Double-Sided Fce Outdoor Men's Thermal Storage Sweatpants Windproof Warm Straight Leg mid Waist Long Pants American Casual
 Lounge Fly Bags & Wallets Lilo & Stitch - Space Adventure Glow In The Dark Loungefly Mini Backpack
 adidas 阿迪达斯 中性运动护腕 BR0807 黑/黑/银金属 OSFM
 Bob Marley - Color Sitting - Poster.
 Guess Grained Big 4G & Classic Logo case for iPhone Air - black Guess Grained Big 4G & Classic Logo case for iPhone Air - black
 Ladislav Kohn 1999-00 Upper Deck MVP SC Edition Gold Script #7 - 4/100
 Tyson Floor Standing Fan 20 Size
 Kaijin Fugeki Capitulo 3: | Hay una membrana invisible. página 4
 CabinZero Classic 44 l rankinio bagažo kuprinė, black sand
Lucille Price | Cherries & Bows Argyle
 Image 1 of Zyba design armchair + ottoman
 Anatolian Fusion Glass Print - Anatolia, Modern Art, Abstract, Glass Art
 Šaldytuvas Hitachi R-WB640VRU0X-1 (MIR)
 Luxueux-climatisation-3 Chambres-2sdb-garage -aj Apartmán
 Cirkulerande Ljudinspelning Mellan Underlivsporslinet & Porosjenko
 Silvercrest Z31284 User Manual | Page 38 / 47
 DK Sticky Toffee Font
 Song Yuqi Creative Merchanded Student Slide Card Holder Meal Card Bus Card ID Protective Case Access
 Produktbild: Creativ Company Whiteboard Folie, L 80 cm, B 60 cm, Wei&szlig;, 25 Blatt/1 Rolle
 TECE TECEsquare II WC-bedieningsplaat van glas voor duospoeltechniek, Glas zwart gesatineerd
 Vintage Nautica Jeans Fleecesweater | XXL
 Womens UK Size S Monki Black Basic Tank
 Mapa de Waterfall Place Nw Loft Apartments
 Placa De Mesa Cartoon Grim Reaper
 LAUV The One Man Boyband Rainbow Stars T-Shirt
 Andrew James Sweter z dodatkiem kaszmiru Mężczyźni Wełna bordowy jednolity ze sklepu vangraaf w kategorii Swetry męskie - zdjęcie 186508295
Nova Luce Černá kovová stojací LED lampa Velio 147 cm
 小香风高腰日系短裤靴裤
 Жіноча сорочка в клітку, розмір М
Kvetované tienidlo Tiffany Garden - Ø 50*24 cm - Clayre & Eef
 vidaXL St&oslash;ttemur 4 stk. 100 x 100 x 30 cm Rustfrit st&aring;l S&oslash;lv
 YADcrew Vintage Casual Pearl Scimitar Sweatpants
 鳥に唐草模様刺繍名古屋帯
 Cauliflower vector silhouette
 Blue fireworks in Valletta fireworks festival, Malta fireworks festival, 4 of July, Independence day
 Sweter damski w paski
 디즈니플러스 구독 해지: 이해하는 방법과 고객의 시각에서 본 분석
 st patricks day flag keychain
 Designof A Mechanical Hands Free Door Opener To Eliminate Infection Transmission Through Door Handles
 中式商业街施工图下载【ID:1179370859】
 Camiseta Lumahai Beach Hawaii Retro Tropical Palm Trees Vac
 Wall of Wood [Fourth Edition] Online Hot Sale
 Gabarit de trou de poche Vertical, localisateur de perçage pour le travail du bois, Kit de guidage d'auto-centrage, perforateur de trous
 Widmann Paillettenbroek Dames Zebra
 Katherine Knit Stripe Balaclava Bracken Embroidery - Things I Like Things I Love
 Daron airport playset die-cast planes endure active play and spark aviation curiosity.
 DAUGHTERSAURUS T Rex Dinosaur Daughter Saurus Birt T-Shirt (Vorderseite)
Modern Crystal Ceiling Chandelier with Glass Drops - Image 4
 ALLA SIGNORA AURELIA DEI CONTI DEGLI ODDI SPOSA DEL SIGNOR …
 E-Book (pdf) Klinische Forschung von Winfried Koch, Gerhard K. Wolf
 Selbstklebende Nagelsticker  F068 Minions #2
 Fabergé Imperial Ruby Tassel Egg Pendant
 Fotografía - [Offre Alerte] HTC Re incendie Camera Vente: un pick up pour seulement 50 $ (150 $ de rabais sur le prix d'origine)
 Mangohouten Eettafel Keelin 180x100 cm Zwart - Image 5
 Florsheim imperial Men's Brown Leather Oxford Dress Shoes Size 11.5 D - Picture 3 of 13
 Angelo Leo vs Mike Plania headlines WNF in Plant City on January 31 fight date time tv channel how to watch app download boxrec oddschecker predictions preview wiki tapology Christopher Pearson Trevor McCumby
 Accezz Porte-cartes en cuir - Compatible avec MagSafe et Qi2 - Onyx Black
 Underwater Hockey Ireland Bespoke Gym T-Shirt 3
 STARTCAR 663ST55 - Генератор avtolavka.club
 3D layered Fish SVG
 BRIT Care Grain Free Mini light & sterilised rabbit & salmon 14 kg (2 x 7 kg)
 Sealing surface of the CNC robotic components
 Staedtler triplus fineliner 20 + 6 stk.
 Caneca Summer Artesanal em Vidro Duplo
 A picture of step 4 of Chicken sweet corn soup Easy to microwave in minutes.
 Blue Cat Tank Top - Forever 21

* Exercise brief *
Exactly reproduce all of the entries above.

* Exercise response *
Double-Sided Fce Outdoor Men's Thermal Storage Sweatpants Windproof Warm Straight Leg mid Waist Long Pants American Casual
 Lounge Fly Bags & Wallets Lilo & Stitch - Space Adventure Glow In The Dark Loungefly Mini Backpack
 adidas 阿迪达斯 中性运动护腕 BR0807 黑/黑/银金属 OSFM
 Bob Marley - Color Sitting - Poster.
 Guess Grained Big 4G & Classic Logo case for iPhone Air - black Guess Grained Big 4G & Classic Logo case for iPhone Air - black
 Ladislav Kohn 1999-00 Upper Deck MVP SC Edition Gold Script #7 - 4/100
 Tyson Floor Standing Fan 20 Size
 Kaijin Fugeki Capitulo 3: | Hay una membrana invisible. página 4
 CabinZero Classic 44 l rankinio bagažo kuprinė, black sand
Lucille Price | Cherries & Bows Argyle
 Image 1 of Zyba design armchair + ottoman
 Anatolian Fusion Glass Print - Anatolia, Modern Art, Abstract, Glass Art
 Šaldytuvas Hitachi R-WB640VRU0X-1 (MIR)
 Luxueux-climatisation-3 Chambres-2sdb-garage -aj Apartmán
 Cirkulerande Ljudinspelning Mellan Underlivsporslinet & Porosjenko
 Silvercrest Z31284 User Manual | Page 38 / 47
 DK Sticky Toffee Font
 Song Yuqi Creative Merchanded Student Slide Card Holder Meal Card Bus Card ID Protective Case Access
 Produktbild: Creativ Company Whiteboard Folie, L 80 cm, B 60 cm, Wei&szlig;, 25 Blatt/1 Rolle
 TECE TECEsquare II WC-bedieningsplaat van glas voor duospoeltechniek, Glas zwart gesatineerd
 Vintage Nautica Jeans Fleecesweater | XXL
 Womens UK Size S Monki Black Basic Tank
 Mapa de Waterfall Place Nw Loft Apartments
 Placa De Mesa Cartoon Grim Reaper
 LAUV The One Man Boyband Rainbow Stars T-Shirt
 Andrew James Sweter z dodatkiem kaszmiru Mężczyźni Wełna bordowy jednolity ze sklepu vangraaf w kategorii Swetry męskie - zdjęcie 186508295
Nova Luce Černá kovová stojací LED lampa Velio 147 cm
 小香风高腰日系短裤靴裤
 Жіноча сорочка в клітку, розмір М
Kvetované tienidlo Tiffany Garden - Ø 50*24 cm - Clayre & Eef
 vidaXL St&oslash;ttemur 4 stk. 100 x 100 x 30 cm Rustfrit st&aring;l S&oslash;lv
 YADcrew Vintage Casual Pearl Scimitar Sweatpants
 鳥に唐草模様刺繍名古屋帯
 Cauliflower vector silhouette
 Blue fireworks in Valletta fireworks festival, Malta fireworks festival, 4 of July, Independence day
 Sweter damski w paski
 디즈니플러스 구독 해지: 이해하는 방법과 고객의 시각에서 본 분석
 st patricks day flag keychain
 Designof A Mechanical Hands Free Door Opener To Eliminate Infection Transmission Through Door Handles
 中式商业街施工图下载【ID:1179370859】
 Camiseta Lumahai Beach Hawaii Retro Tropical Palm Trees Vac
 Wall of Wood [Fourth Edition] Online Hot Sale
 Gabarit de trou de poche Vertical, localisateur de perçage pour le travail du bois, Kit de guidage d'auto-centrage, perforateur de trous
 Widmann Paillettenbroek Dames Zebra
 Katherine Knit Stripe Balaclava Bracken Embroidery - Things I Like Things I Love
 Daron airport playset die-cast planes endure active play and spark aviation curiosity.
 DAUGHTERSAURUS T Rex Dinosaur Daughter Saurus Birt T-Shirt (Vorderseite)
Modern Crystal Ceiling Chandelier with Glass Drops - Image 4
 ALLA SIGNORA AURELIA DEI CONTI DEGLI ODDI SPOSA DEL SIGNOR …
 E-Book (pdf) Klinische Forschung von Winfried Koch, Gerhard K. Wolf
 Selbstklebende Nagelsticker  F068 Minions #2
 Fabergé Imperial Ruby Tassel Egg Pendant
 Fotografía - [Offre Alerte] HTC Re incendie Camera Vente: un pick up pour seulement 50 $ (150 $ de rabais sur le prix d'origine)
 Mangohouten Eettafel Keelin 180x100 cm Zwart - Image 5
 Florsheim imperial Men's Brown Leather Oxford Dress Shoes Size 11.5 D - Picture 3 of 13
 Angelo Leo vs Mike Plania headlines WNF in Plant City on January 31 fight date time tv channel how to watch app download boxrec oddschecker predictions preview wiki tapology Christopher Pearson Trevor McCumby
 Accezz Porte-cartes en cuir - Compatible avec MagSafe et Qi2 - Onyx Black
 Underwater Hockey Ireland Bespoke Gym T-Shirt 3
 STARTCAR 663ST55 - Генератор avtolavka.club
 3D layered Fish SVG
 BRIT Care Grain Free Mini light & sterilised rabbit & salmon 14 kg (2 x 7 kg)
 Sealing surface of the CNC robotic components
 Staedtler triplus fineliner 20 + 6 stk.
 Caneca Summer Artesanal em Vidro Duplo
 A picture of step 4 of Chicken sweet corn soup Easy to microwave in minutes.
 Blue Cat Tank Top - Forever 21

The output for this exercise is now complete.